Newark and Sherwood: Supermarkets urge shoppers not to panic buy in response to reports of emptying shelves
Supermarkets have urged customers not to panic buy in response to reports of emptying shelves.
The UK’s biggest supermarkets described any shortages across stores as patchy but said there was no need for customers to change their shopping habits.
They said any gaps on the shelves were temporary as they awaited deliveries, and were occurring in pockets rather than across supply chains.
The pingdemic, the shortage of HGV drivers and the hot weather were all contributing to delivery glitches, grocers said, while stressing to consumers panic buying would create a problem that did not exist.
A Co-op spokesman said: “We are sorry that we are running low on some products.

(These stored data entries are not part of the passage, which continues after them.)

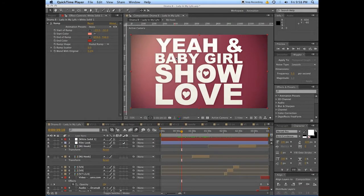Hello everyone, this is Evan Abrams. I've done a lot of requests recently about tutorials on how I did the motion typography for Drama Bee's 'Lady in My Life,' and I thought I would go through one of the techniques. It's the part in which some text comes on which then becomes doors or windows, and then we pass through those doors or windows. Let's just watch that important part.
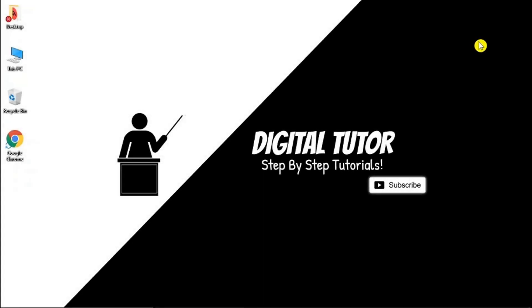Hey guys, what's going on, it's the Digital Tutor here with another step-by-step tutorial. In today's video I'm just going to show you how to reset your EA account password on a PC or laptop.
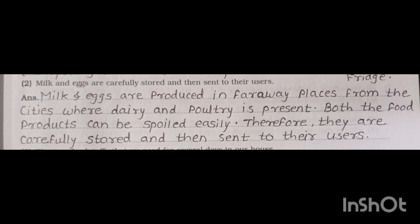Second: milk and eggs are carefully stored and then sent to their users. Answer: milk and eggs are produced in far-away places from the cities where dairy and poultry are present. Both food products can be spoiled easily; therefore, they are carefully stored and then sent to their users.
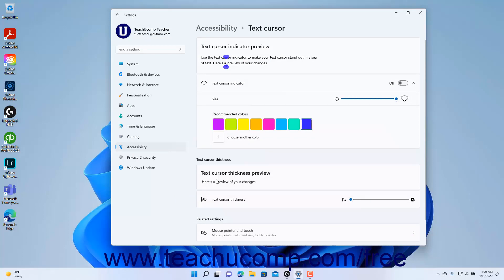To turn the Text Cursor indicator on or off in Windows 11, click the Text Cursor indicator settings toggle switch button to set it to the on or off position as needed.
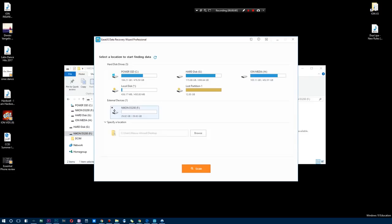All right, so here we have the software Data Recovery Wizard Professional. As you guys can see, here is my Nikon D3200 SD card and unfortunately it is empty. What can we possibly do about it? Well, let's go ahead and scan it and let's see.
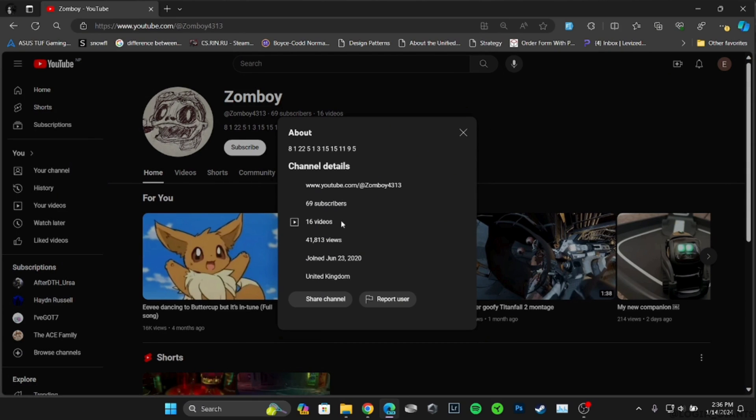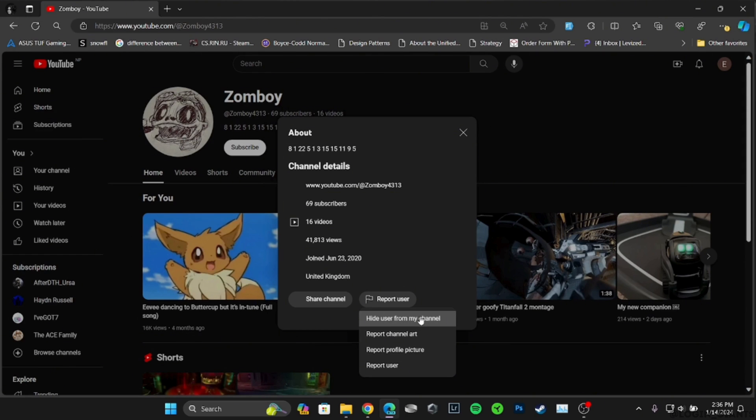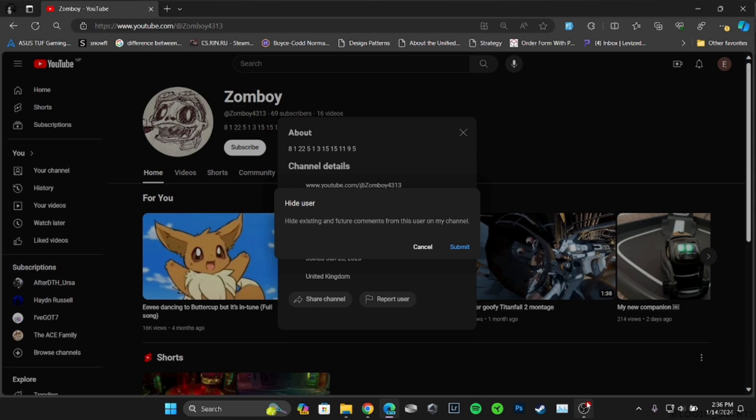This interface will pop up. You can see that there is no direct option where you can block this channel, so what you can do is simply tap on Report User and then click on Hide User From My Channel. Now simply tap on Submit, and then the channel of this person will be hidden successfully. You'll be good to go. It is kind of similar to blocking the user.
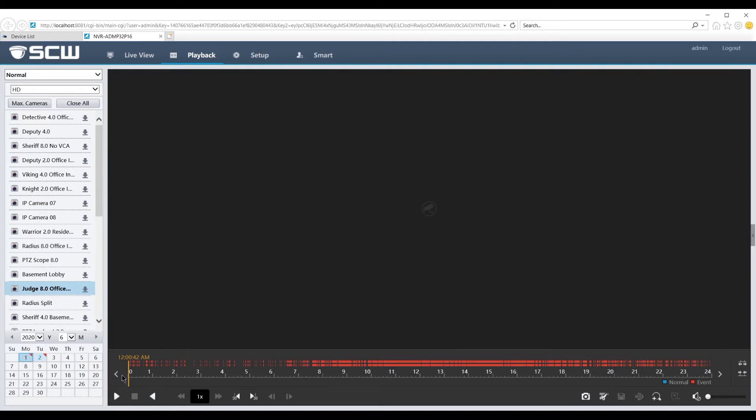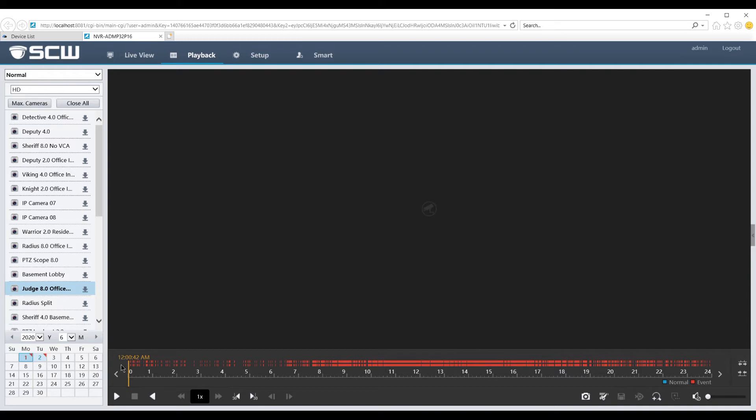You should now see the playback bar to the right. If your system is set for continuous recording, this should be a solid blue line. If you have motion detection enabled, you'll see red marks where motion has been detected.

Like many retailers, we are impacted by some patchy disruption to our deliveries and store operations but we are working closely with our suppliers to get re-stocked quickly.”
A Sainsbury’s spokesman said: “We are working hard to ensure customers can find what they need.
“While we might not always have the exact product a customer is looking for in every store, large quantities of products are being delivered to stores daily and our colleagues are focused on getting them on to the shelves as quickly as they can.”
Tesco confirmed that it had plenty of food and deliveries arriving across the UK every day.
However, sporadic disruption from the industry-wide shortage of HGV drivers and an increase in staff self-isolating on a precautionary basis was leading to pockets of temporary low availability across a small number of products.
Iceland managing director Richard Walker has said staff absence rates were now double the usual number, with the figure rising 50% week on week due to people being told to self-isolate.
Mr Walker told the Radio 4’s Today programme: “We’ve now got over 1,000 staff off, who’ve been pinged. That’s double the normal rates, and it’s rising at 50% week on week.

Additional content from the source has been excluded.